Kadınlar ne zaman "dır dır" yapmaya başladı?
Peki erkekler ne zamandan beri "yalan" söylüyor ?

Hafif yağmur yağıyor,
kahve, çocuk erken uyumuş
neden kadın erkek mevzularına dalmıyorum, dedim.

İnsan neden var? sorusu çok derin anlamlar taşıyor
Kim  cevaplayabilmiş yaşananları, kimler çözüm bulmuş olanlara...
kimisi hafife alıyor yaşadıklarını, kimisi günlerce yataklara düşüyor üzüntüsünden

peki ama nasıl oluyor da yüzyıllardır, bin yıllardır hep aynı şeyler yaşanıyor
ama çözümü formülü olamıyor.

ben kendimce çıkarımlarda bulunuyorum bu konuda
tabi ki zamanlar değiştikçe ilişkilerin yaşanma şekilleri de değişiyor
toplumlar, ekonomiler, gündemler... herşey insanın kendini ifade edişine etki ediyor.
Yani şimdi sosyolojiye giriş dersi gibi olacak ama herşey kapitalizme gelip çatıyor.
ama ben bu akşam sıkıcı ekonomik değişimlerin kadınların konumlarını nasıl değiştirdiğini anlatmayacağım 
(sevgili hocam Prof.Dr. Gönül İçli'ye selam olsun)

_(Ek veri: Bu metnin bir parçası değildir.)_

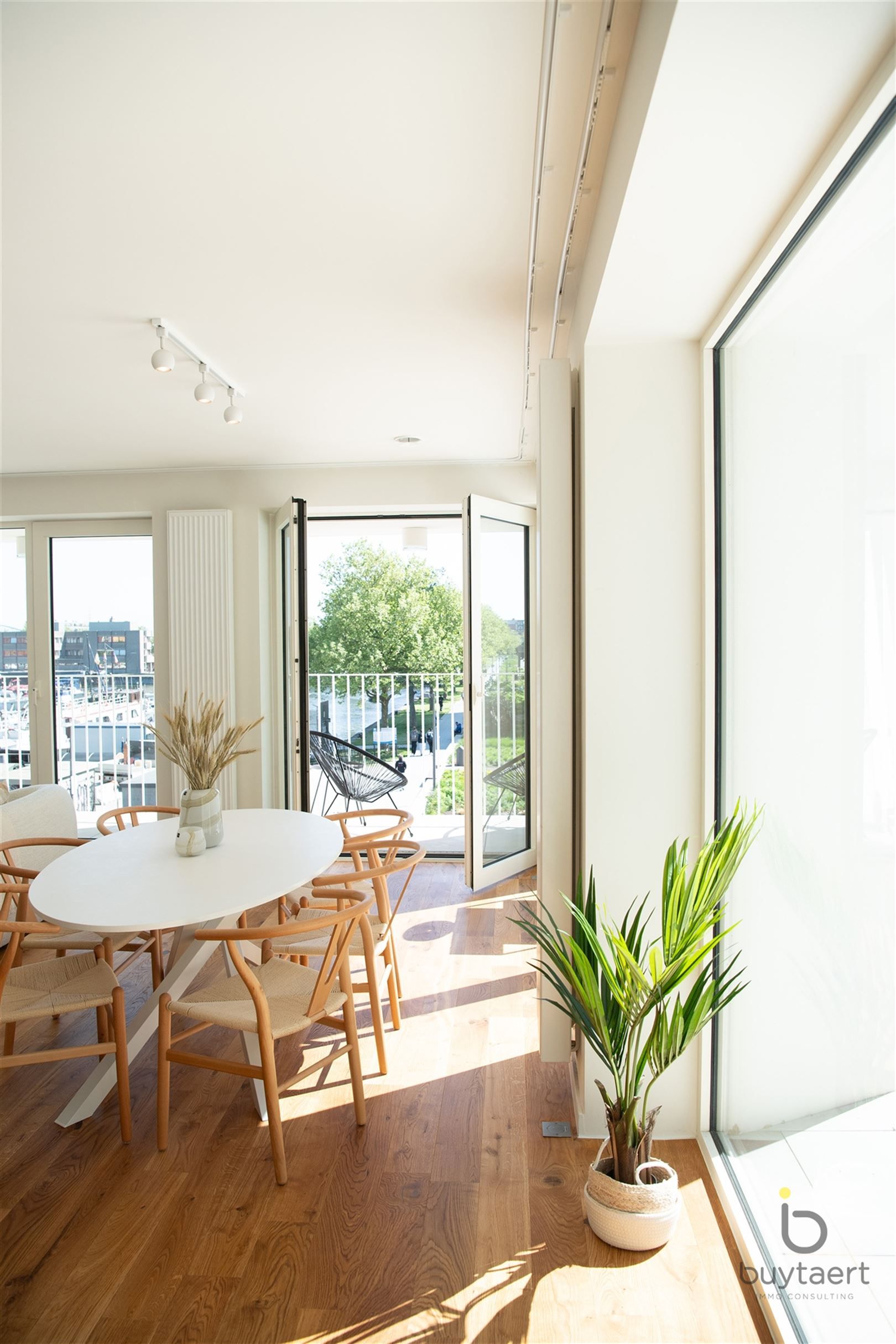 Luxe 3 slpk appartement met een gigantisch terras met zicht op het Kempisch dok. foto 14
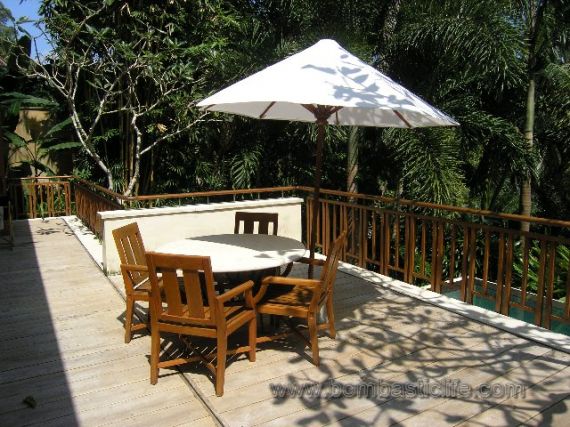 Dining area and deck - Four Seasons Resort - Sayan, Bali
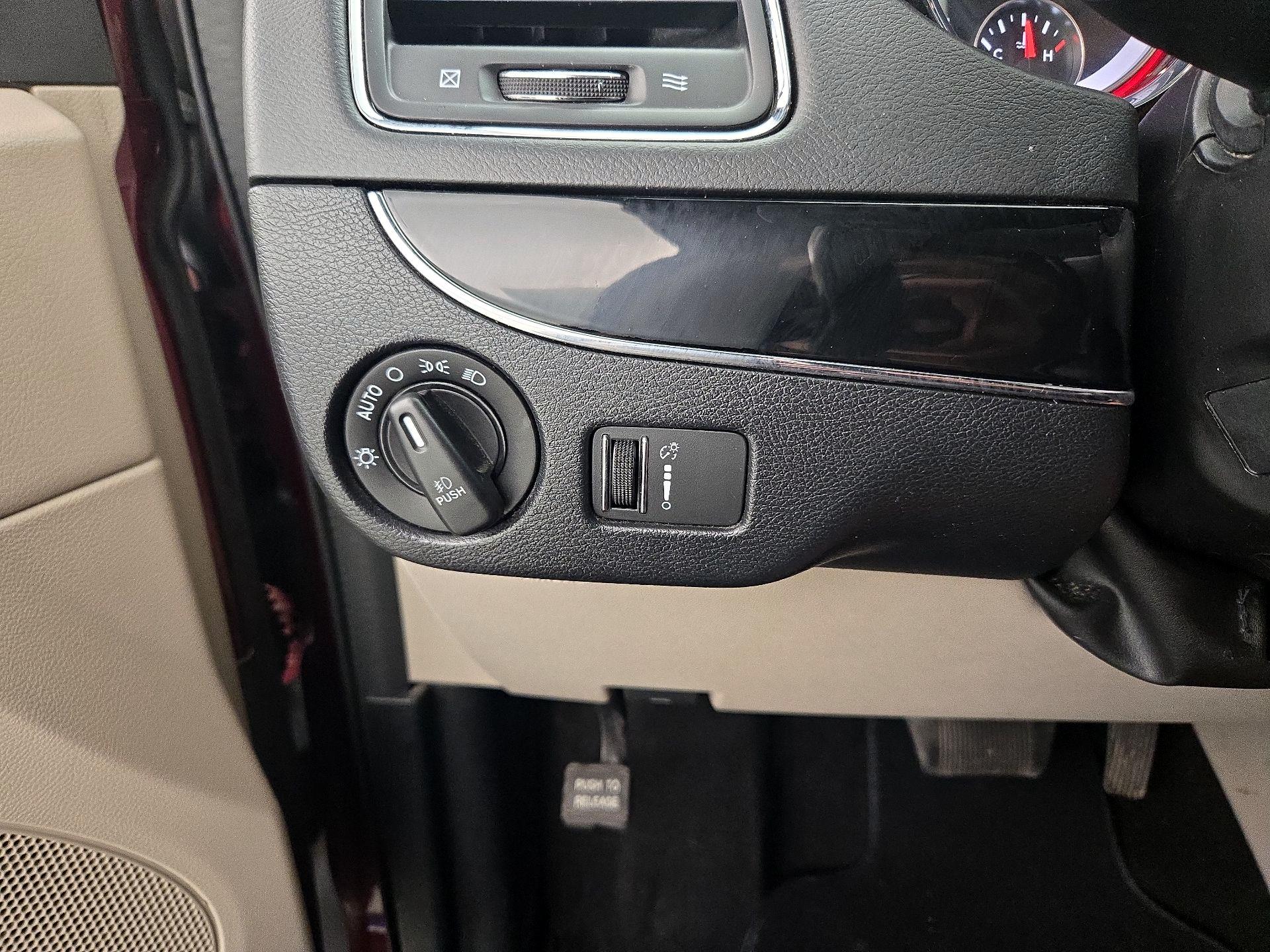 Thumbnail: 2020 Dodge Grand Caravan - 13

Hani aşklar eskiden daha güzelmiş
hani dedeler nineler boşanmak, ayrılmak, evi terk etmek nedir bilmezmiş
bırakın böyle asi davranışları, eşler arasında yüksek ses olmazmış bile.
heee gelin onu benim küllahıma anlatın

kim ne biliyormuş ki zavallıların ne yaşadığını
sosyal medya mı vardı, gösteriş yapacakları, 
ya da sınırsız konuşma hakkı tanıyan cep telefonları mı vardı, annelerine saatlerce dert yanabilecekleri

"kocişimle pazar kahvaltısı"

"hediyelerin en güzeli sensin sevgilim" (pırlanta yüzük fotorafının altında)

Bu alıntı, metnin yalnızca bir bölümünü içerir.